## Material for the task
▼

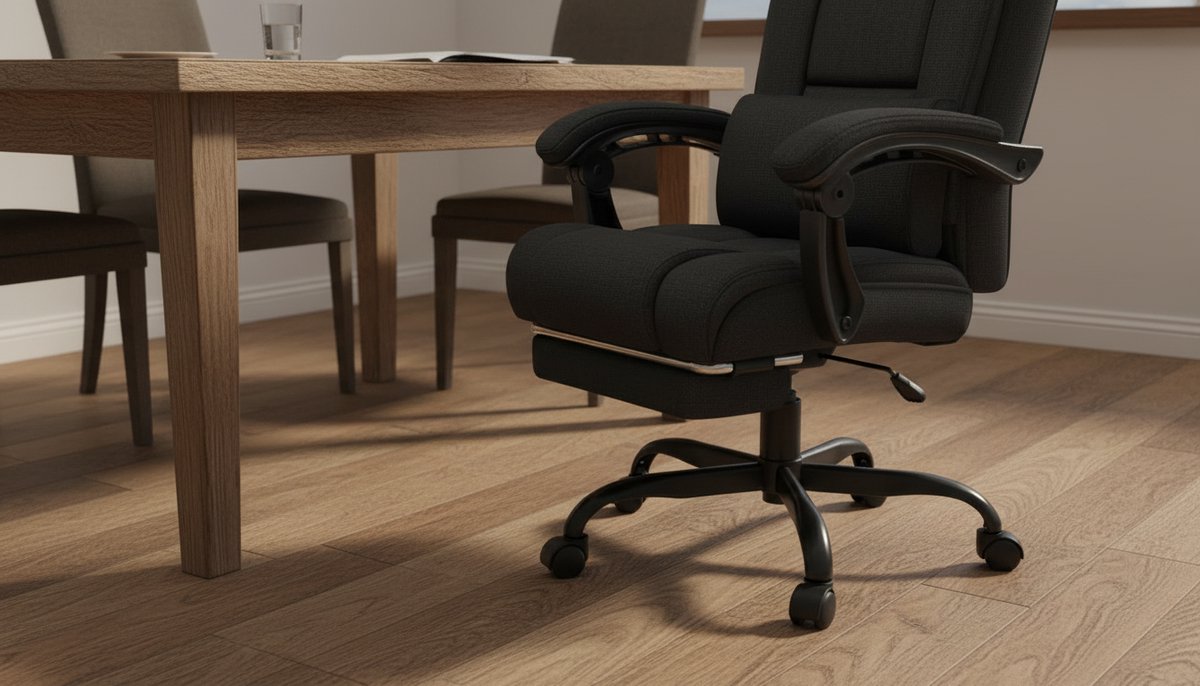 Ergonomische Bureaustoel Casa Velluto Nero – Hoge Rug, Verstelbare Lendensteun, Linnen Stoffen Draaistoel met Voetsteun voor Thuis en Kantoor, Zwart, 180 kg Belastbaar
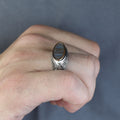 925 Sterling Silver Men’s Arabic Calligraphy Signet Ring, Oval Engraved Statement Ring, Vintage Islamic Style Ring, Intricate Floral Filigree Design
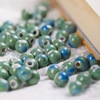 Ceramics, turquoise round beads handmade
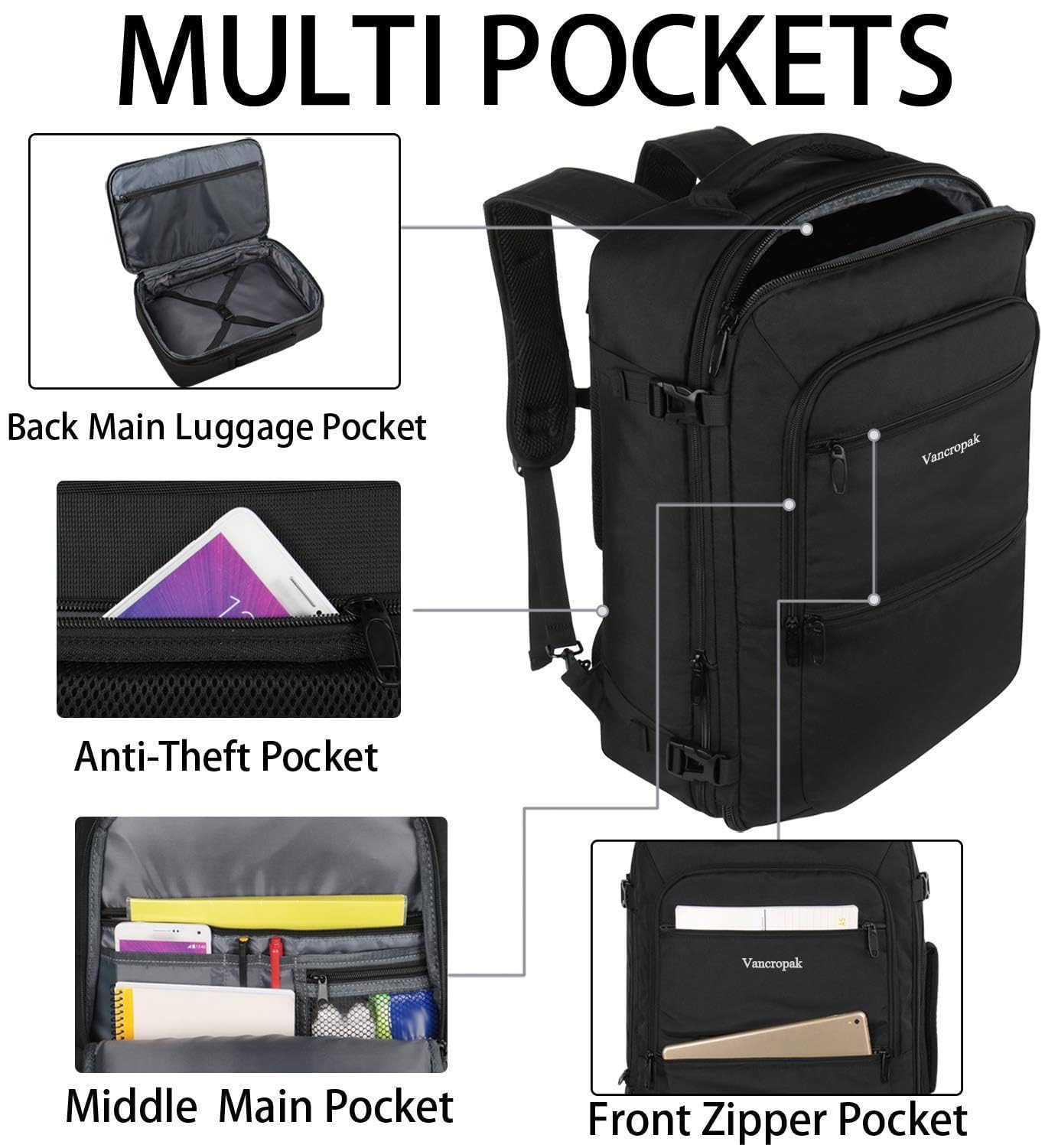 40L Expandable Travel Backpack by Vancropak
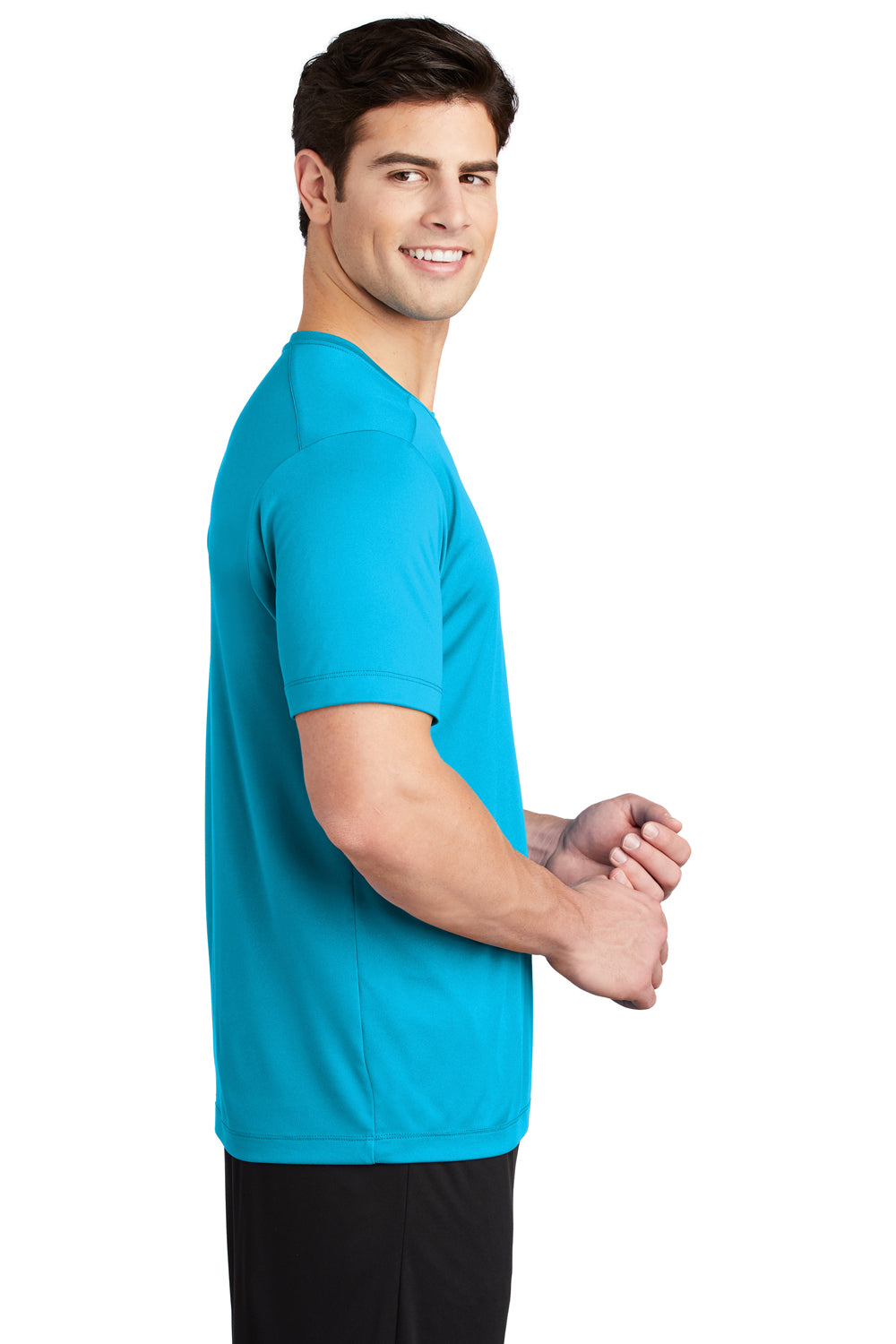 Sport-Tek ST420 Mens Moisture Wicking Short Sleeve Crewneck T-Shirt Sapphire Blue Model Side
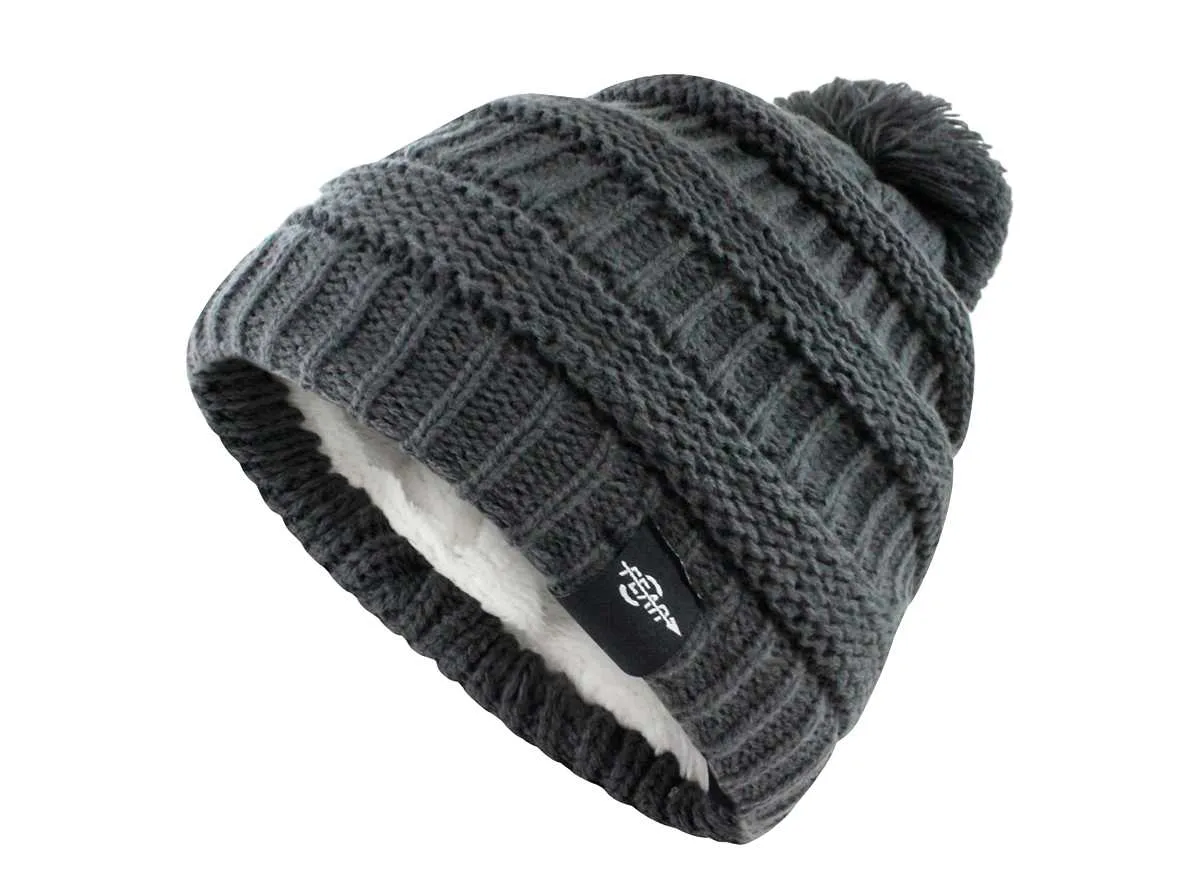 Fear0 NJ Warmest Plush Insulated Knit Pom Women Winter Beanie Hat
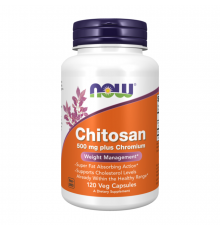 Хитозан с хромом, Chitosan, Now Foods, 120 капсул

▲

## What you need to do
All the records need to be repeated exactly, with the images dropped.

## Answer box
 Ergonomische Bureaustoel Casa Velluto Nero – Hoge Rug, Verstelbare Lendensteun, Linnen Stoffen Draaistoel met Voetsteun voor Thuis en Kantoor, Zwart, 180 kg Belastbaar
 925 Sterling Silver Men’s Arabic Calligraphy Signet Ring, Oval Engraved Statement Ring, Vintage Islamic Style Ring, Intricate Floral Filigree Design
 Ceramics, turquoise round beads handmade
 40L Expandable Travel Backpack by Vancropak
 Sport-Tek ST420 Mens Moisture Wicking Short Sleeve Crewneck T-Shirt Sapphire Blue Model Side
 Fear0 NJ Warmest Plush Insulated Knit Pom Women Winter Beanie Hat
 Хитозан с хромом, Chitosan, Now Foods, 120 капсул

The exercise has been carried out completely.